We investigate, through a fractional mathematical model, the effects of physical distance on the SARS-CoV-2 virus transmission. Two controls are considered in our model for eradication of the spread of COVID-19: media education, through campaigns explaining the importance of social distancing, use of face masks, etc., towards all population, while the second one is quarantine social isolation of the exposed individuals. A general fractional order optimal control problem, and associated optimality conditions of Pontryagin type, are discussed, with the goal to minimize the number of susceptible and infected while maximizing the number of recovered.

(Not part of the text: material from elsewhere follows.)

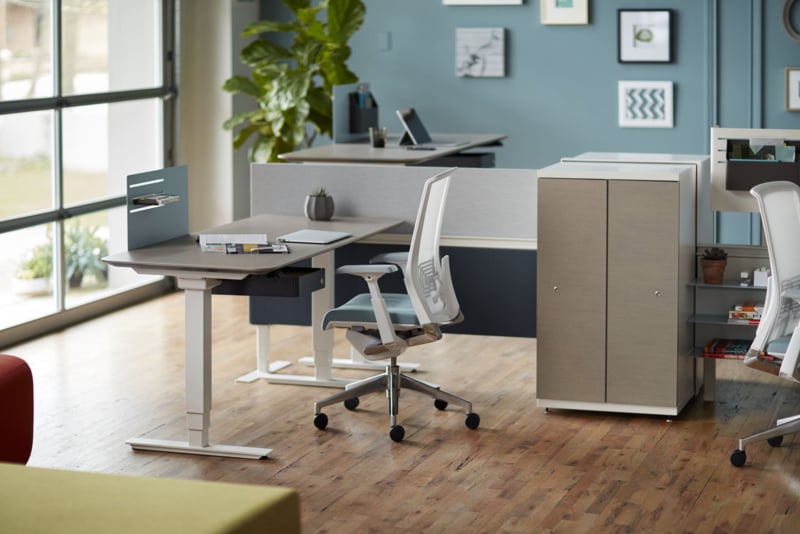 Welkom bij  ADP-thuiswerkplek.nl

The extremals are then numerically obtained. (C) 2021 THE AUTHORS. Published by Elsevier BV on behalf of Faculty of Engineering, Alexandria University. This is an open access article under the CC BY-NC-ND license (http://creativecommons.org/ licenses/by-nc-nd/4.0/).

Automated summary

This study investigates the impact of physical distance on the transmission of SARS-CoV-2 using a fractional mathematical model. Two control methods, media education and quarantine, are proposed to minimize the number of susceptible and infected individuals while maximizing the number of recovered individuals. The study discusses a general fractional order optimal control problem and numerically obtains extremals to achieve the set goals.